# GPs on Non-Euclidean Input Spaces
GPs on non-Euclidean input spaces have become more and more relevant in recent years. fvgp can be used for that purpose as long as a cvalid kernel is provided. Of course, if mean functions and noise functions are also provided, they have to operate on these non-Euclidean spaces. 

In this example, we run a small GP on words. It's a proof of concept, the results are not super relevant

In [1]:
#install the newest version of fvgp
#!pip install fvgp~=4.7.2

In [2]:
import numpy as np
import matplotlib.pyplot as plt
from fvgp import GP
from dask.distributed import Client
%load_ext autoreload
%autoreload 2

## Single Task

In [3]:
#making the x_data a set will allow us to put any objects or structures into it.
x_data = ['hello','world','this','is','fvgp']
y_data = np.array([2.,1.9,1.8,3.0,5.])


from fvgp.kernels import *
def string_distance(string1, string2):
    difference = abs(len(string1) - len(string2))
    common_length = min(len(string1),len(string2))
    string1 = string1[0:common_length]
    string2 = string2[0:common_length]
    
    for i in range(len(string1)):
        if string1[i] != string2[i]:
            difference += 1.

    return difference


def kernel(x1,x2,hps):
    d = np.zeros((len(x1),len(x2)))
    count1 = 0
    for string1 in x1:
        count2 = 0
        for string2 in x2:
            d[count1,count2] = string_distance(string1,string2)
            count2 += 1
        count1 += 1
    return hps[0] * matern_kernel_diff1(d,hps[1])
    



my_gp = GP(x_data,y_data,init_hyperparameters=np.ones((2)), kernel_function=kernel)

bounds = np.array([[0.001,100.],[0.001,100]])
my_gp.train(hyperparameter_bounds=bounds)

print("hyperparameters: ", my_gp.hyperparameters)
print("prediction : ",my_gp.posterior_mean(['full'])["m(x)"])
print("uncertainty: ",np.sqrt(my_gp.posterior_covariance(['full'])["v(x)"]))

hyperparameters:  [67.57968103 37.56308367]
prediction :  [3.36628537]
uncertainty:  [0.63285188]


  self.likelihood = GPlikelihood(self.data,


## Multi-Task Capability on Non-Euclidean Spaces

In [4]:
import numpy as np
import matplotlib.pyplot as plt
from fvgp import GP
import plotly.graph_objects as go
from itertools import product

%load_ext autoreload
%autoreload 2

The autoreload extension is already loaded.

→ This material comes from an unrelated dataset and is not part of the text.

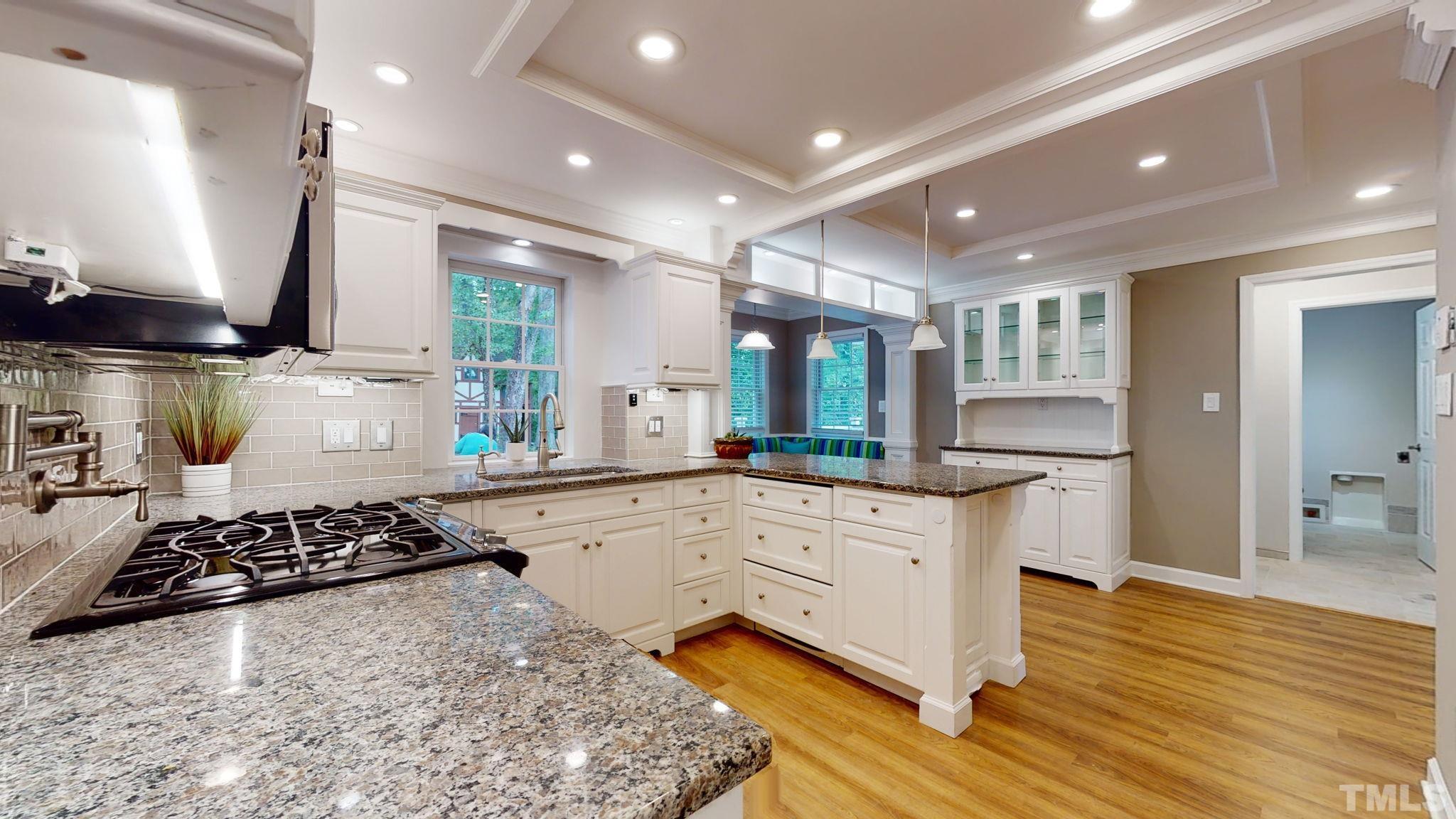 2124 Deep Forest Trail Raleigh, NC 27603 - Photo 10 of 35 Gallery Image 10
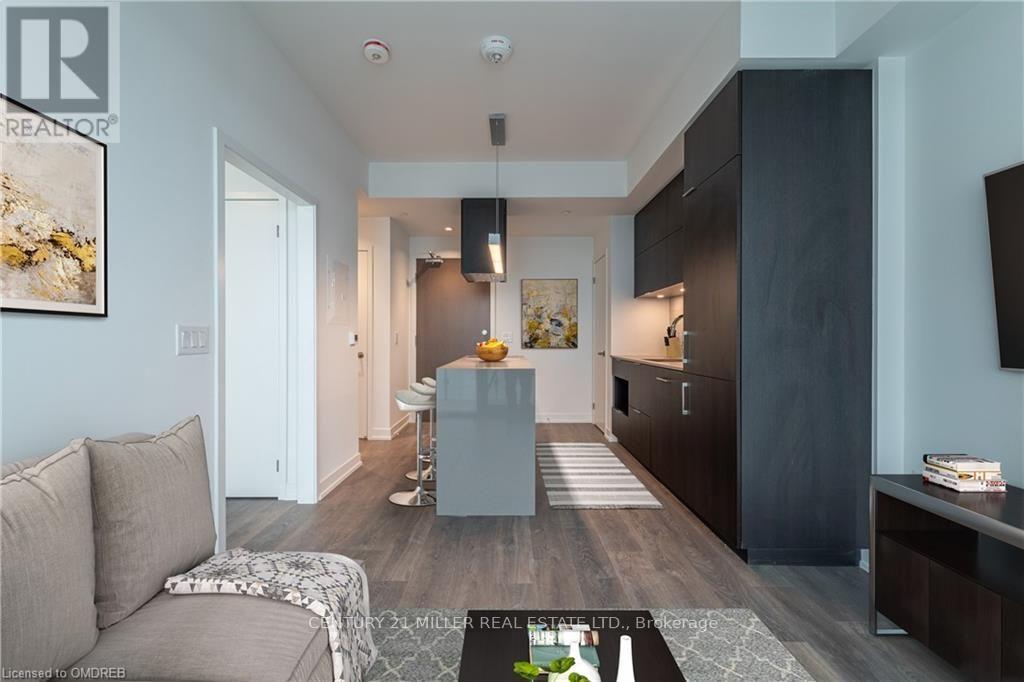2504 - 15 Lower Jarvis Street, Toronto, Ontario  M5E 0C4 - Photo 4 - C13765690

To reload it, use:
  %reload_ext autoreload


In [5]:
x_data = ['frf','ferfe','ferf','febhn']
y_data = np.zeros((len(x_data),5))


y_data[:,0] = np.random.rand(len(x_data))
y_data[:,1] = np.random.rand(len(x_data))
y_data[:,2] = np.random.rand(len(x_data))
y_data[:,3] = np.random.rand(len(x_data))
y_data[:,4] = np.random.rand(len(x_data))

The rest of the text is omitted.